Contents


Qlik Sense integrated with Hortonworks Data Platform (HDP) running on IBM Power Systems

Steps for discovering and visualizing data in HDP on IBM Power Systems using Qlik Sense

Comments

Qlik Sense is a business intelligence (BI) solution that helps in discovering the insights that query-based BI tools can simply miss. You can search and explore across all your data, instantly pivoting your analysis when new ideas surface. Qlik Sense gives total flexibility with a cloud-ready data analytics platform that supports the full spectrum of BI use cases. Qlik Sense supports accessing data in Apache Hadoop environments. Validation testing was performed to verify Qlik Sense’s ability to integrate with and visualize data specifically to Hortonworks Data Platform (HDP) on IBM® POWER8®. This article provides an overview of the validation tests that were completed.

Objectives

The key objectives for the validation testing of Qlik Sense were to:

  1. Configure Qlik Sense to connect to HDP 2.6 running on an IBM POWER8 processor-based server.
  2. Extract and visualize sample data from the Hadoop Distributed File System (HDFS) of HDP running on a POWER8 processor-based server.

Test environment

This section lists the high-level components included in the test environment.

Qlik Sense

  • Qlik Sense Desktop 11.11.1 for a Microsoft Windows 7 PC
  • Hortonworks ODBC Driver for Apache Hive (v2.1.5.1006 64 bit)
  • A notebook running Windows 7

Hortonworks Data Platform

  • Hortonworks Data Platform (HDP) version 2.6
  • Red Hat Enterprise Linux (RHEL) 7.2
  • Minimum resources: Eight virtual processors, 24 GB memory, 50 GB disk space
  • IBM PowerKVM™
  • IBM POWER8 processor-based server

Deployment architecture

The deployment architecture is quite simple. Qlik Sense and the Hortonworks ODBC driver were installed and run on a Windows 7 notebook. HDP was installed and run on a POWER8 server. Qlik Sense and the ODBC driver were configured to connect to HDP. Data in HDP was accessed and visualized by Qlik Sense. Tests were run in a single-node HDP environment and a multi-node HDP cluster.

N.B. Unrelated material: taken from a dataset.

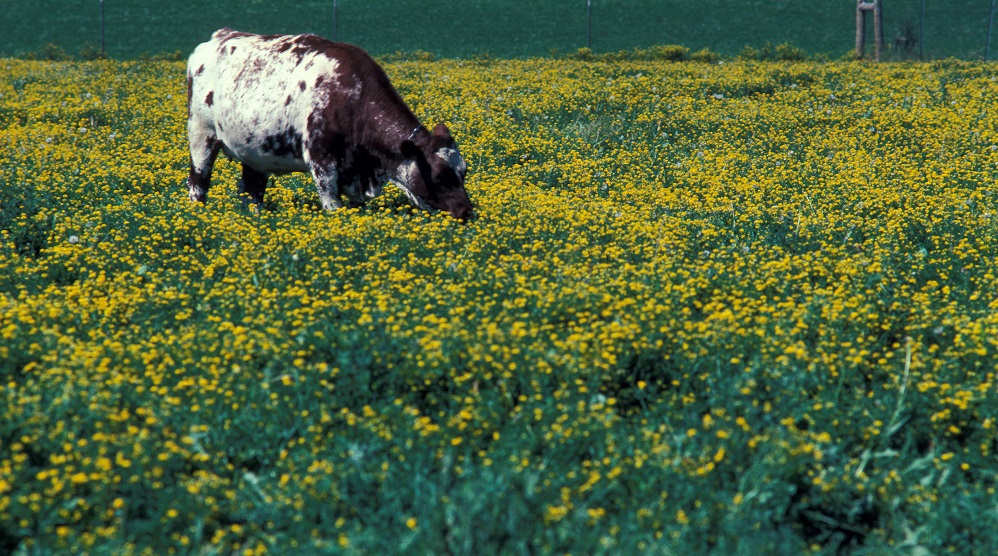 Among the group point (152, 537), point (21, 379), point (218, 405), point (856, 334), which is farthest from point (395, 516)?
point (856, 334)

Installation and configuration

The section covers installation and configuration of a HDP cluster and Qlick Sense software.

Installing and configuring a HDP cluster

Here are the high-level steps to install and configure the HDP cluster:

  1. Follow the installation guide for HDP on IBM Power Systems™ to install and configure the HDP cluster. Refer to the Related topics section for more information.
  2. Log in to the Ambari server and ensure that all the services are running.
  3. Monitor and manage the HDP cluster, Hadoop, and related services through Ambari.

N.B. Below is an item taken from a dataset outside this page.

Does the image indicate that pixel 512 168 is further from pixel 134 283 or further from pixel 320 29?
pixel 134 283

Setting up test data and Hive tables

Download the MovieLens and driver test data, create Hive tables and copy the data to the Hive tables in HDFS.

  1. Download the MovieLens data set from MovieLens Dataset (see the citation in Related topics).
  2. Create tables in Hive.
     
    hive> create database movielens;
    OK
    Time taken: 3.063 seconds
    hive> use movielens;
    OK
    Time taken: 0.261 seconds
    hive> 
        > CREATE EXTERNAL TABLE ratings (
        >   userid INT, 
        >   movieid INT,
        >   rating INT, 
        >   tstamp STRING
        > ) ROW FORMAT DELIMITED
        > FIELDS TERMINATED BY '#'
        > STORED AS TEXTFILE
        > LOCATION '/dataset/movielens/ratings';
    OK
    Time taken: 0.578 seconds
    hive> 
        > CREATE EXTERNAL TABLE movies (
        >   movieid INT, 
        >   title STRING,
        >   genres ARRAY<STRING>
        > ) ROW FORMAT DELIMITED
        > FIELDS TERMINATED BY '#'
        > COLLECTION ITEMS TERMINATED BY "|"
        > STORED AS TEXTFILE
        > LOCATION '/dataset/movielens/movies';
    OK
    Time taken: 0.429 seconds
    hive> 
        > CREATE EXTERNAL TABLE users (
        >   userid INT, 
        >   gender STRING, 
        >   age INT,
        >   occupation INT,
        >   zipcode STRING
        > ) ROW FORMAT DELIMITED
        > FIELDS TERMINATED BY '#'
        > STORED AS TEXTFILE
        > LOCATION '/dataset/movielens/users';
    OK
    Time taken: 0.291 seconds
    hive> 
        > CREATE EXTERNAL TABLE occupations (
        >   id INT,
        >   occupation STRING
        > ) ROW FORMAT DELIMITED
        > FIELDS TERMINATED BY '#'
        > STORED AS TEXTFILE
        > LOCATION '/dataset/movielens/occupations';
    OK
    Time taken: 0.336 seconds
    hive>
  3. Load the test data into tables.
     
    hadoop fs -put ratings.t /dataset/movielens/ratings
    hadoop fs -put movies.t /dataset/movielens/movies
    hadoop fs -put users.t /dataset/movielens/users
    hadoop fs -put occupations.t /dataset/movielens/occupations
  4. Verify the data in HDFS.
     
    [root@hdp264build ml-1m]# hadoop fs -ls /dataset/movielens
    Found 4 items
    drwxr-xr-x   - hive hdfs          0 2018-05-30 05:19 /dataset/movielens/movies
    drwxr-xr-x   - hive hdfs          0 2018-05-30 05:19 /dataset/movielens/occupations
    drwxr-xr-x   - hive hdfs          0 2018-05-30 05:19 /dataset/movielens/ratings
    drwxr-xr-x   - hive hdfs          0 2018-05-30 05:19 /dataset/movielens/users
    [root@hdp264build ml-1m] #
  5. Verify the data in Hive tables.
     
    hive> show databases;
    OK
    default
    movielens
    Time taken: 2.559 seconds, Fetched: 2 row(s)
    hive> show tables in movielens;
    OK
    movies
    occupations
    ratings
    users
    Time taken: 0.371 seconds, Fetched: 4 row(s)
    hive>

Installing and configuring Hortonworks ODBC driver

Here are the steps to install and configure the ODBC driver:

  1. Download the Hortonworks ODBC driver on Microsoft Windows 7 (see Related topics for the download website).
  2. Install and configure the ODBC driver. Follow the instructions in the tutorial and guide listed in the Related topics section.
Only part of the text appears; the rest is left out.